Isaac Nathan (1792-1864) was a Jewish English composer, musicologist, and journalist best known, however, for the success of his Hebrew Melodies (1815-1840) in London, as discussed in detail below, although he made significant contributions as a singing teacher and music historian during his time at St. James palace and as a composer of opera in the Royal Theatres (1823-1833). After emigrating to Australia in 1840, where he became known as the “father of Australian music,” he wrote Australia’s first operas and Australia’s first contemporary song cycle which entangled fragments of Aboriginal songlines with European musical traditions.

 

 

Born into a musical and rabbinic family in Canterbury, England, Nathan was the son of Menachem Mona Polack (“the Pole”), a synagogue cantor who claimed descent – whether apocryphal or aspirational – from Polish royalty as the illegitimate son of the last Polish King, Stanislaus Paniatowski, by his Jewish mistress. Starting in 1805, Isaac Nathan attended Solomon Lyon’s boarding school in Cambridge, the first in Anglo-Jewry, and he was raised in the Anglo-Jewish Haskalah (enlightenment) environment of Moses Mendelssohn that encouraged the harmonization of Jewish faith with broader European culture.

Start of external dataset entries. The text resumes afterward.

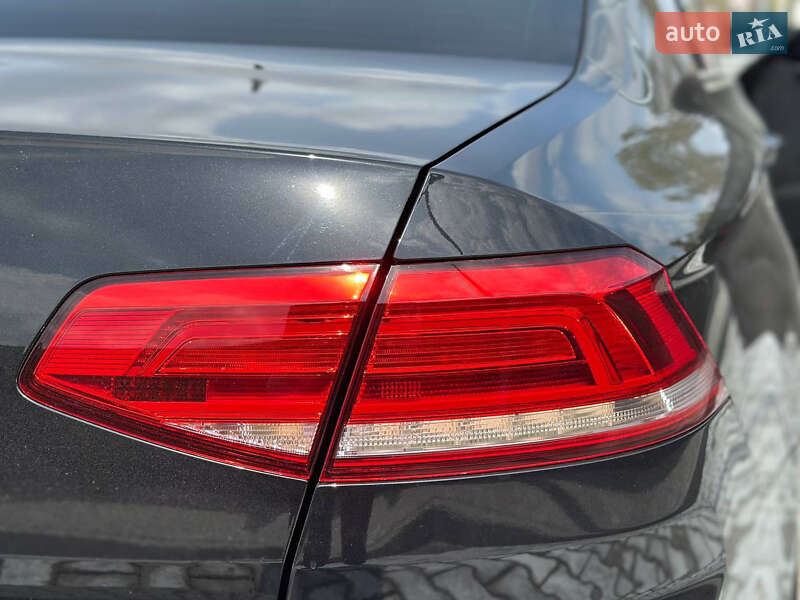 Седан Volkswagen Passat 2015 в Днепре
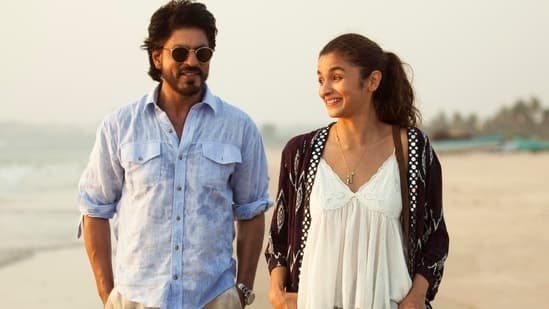 Pathaan Shah Rukh Khan Hopes Alpha Alia Bhatt Wins Hearts After Teaser Release Yrf Spy Universe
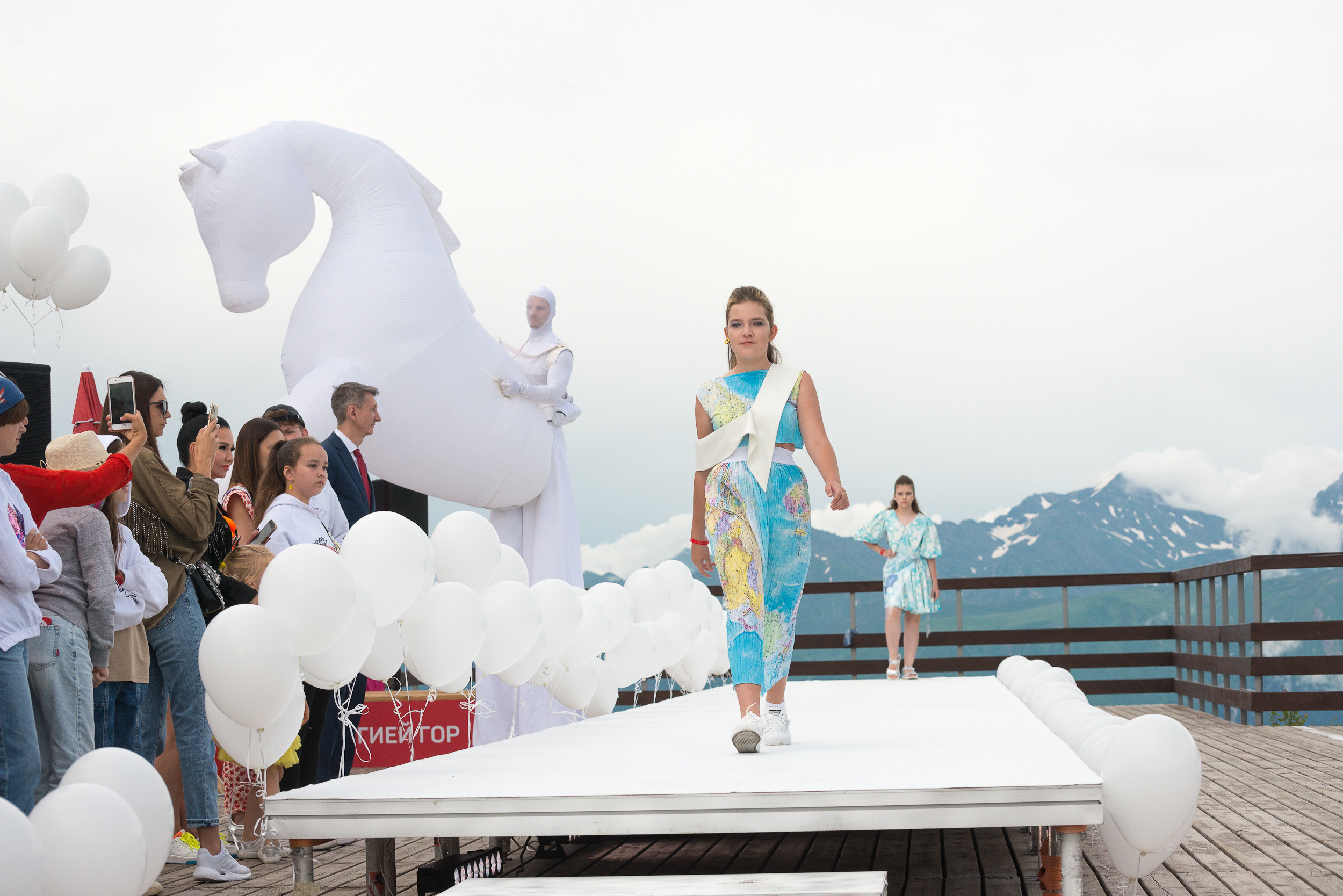 Высокогорный показ в Сочи. Портретный фотограф в Москве Алексей Михайлов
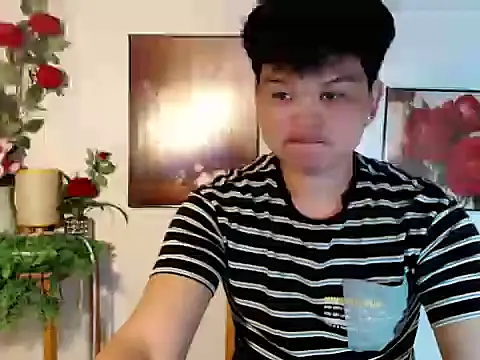 Reynelcock online show from July 18, 9:36 am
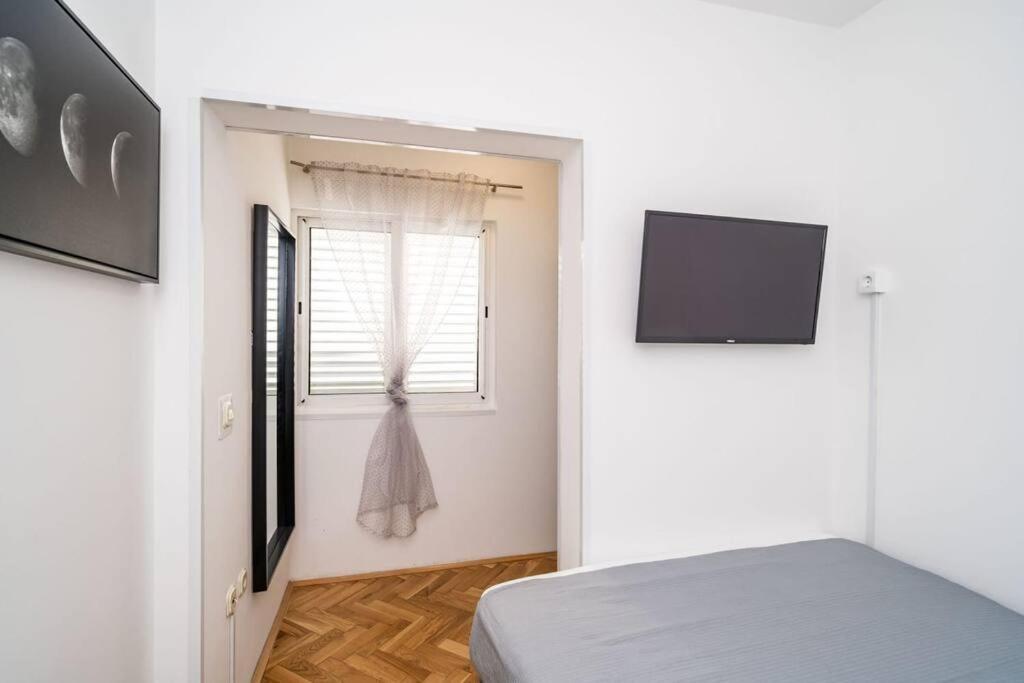 Apartman Knego With Parking Dubrovnik Kültér fotó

Menachem wanted his son to carry the family legacy forward by becoming a rabbi, but Nathan enrolled at Cambridge University. However, because the university at the time required students to take Anglican oaths, his refusal to convert to Christianity meant that he could not graduate, a principled stand that was indicative of his lifelong fidelity to Judaism. Even as he pursued a career in the highest echelons of the British musical world, he steadfastly refused to assimilate, as had most his Jewish contemporaries in the world of music and art; indeed, he remained a practicing Jew throughout his life.

Almost inexplicably, however, he married a Christian, Rosetta Worthington and, although she converted to Judaism and was wed in a Jewish ceremony, that was only after their first ceremony in an Anglican ceremony. Scholars debate whether there ever was a real conversion, noting that, although her ketubah survives today, she was buried “at the side” in Bromton Cemetery (rather than in the main Jewish section), indicating that her alleged conversion was not recognized by the Jewish community. Nathan’s second marriage was to Henrietta Buckley, but she, too, was a Christian, who also underwent a dubious conversion and was not buried in a Jewish section of the cemetery.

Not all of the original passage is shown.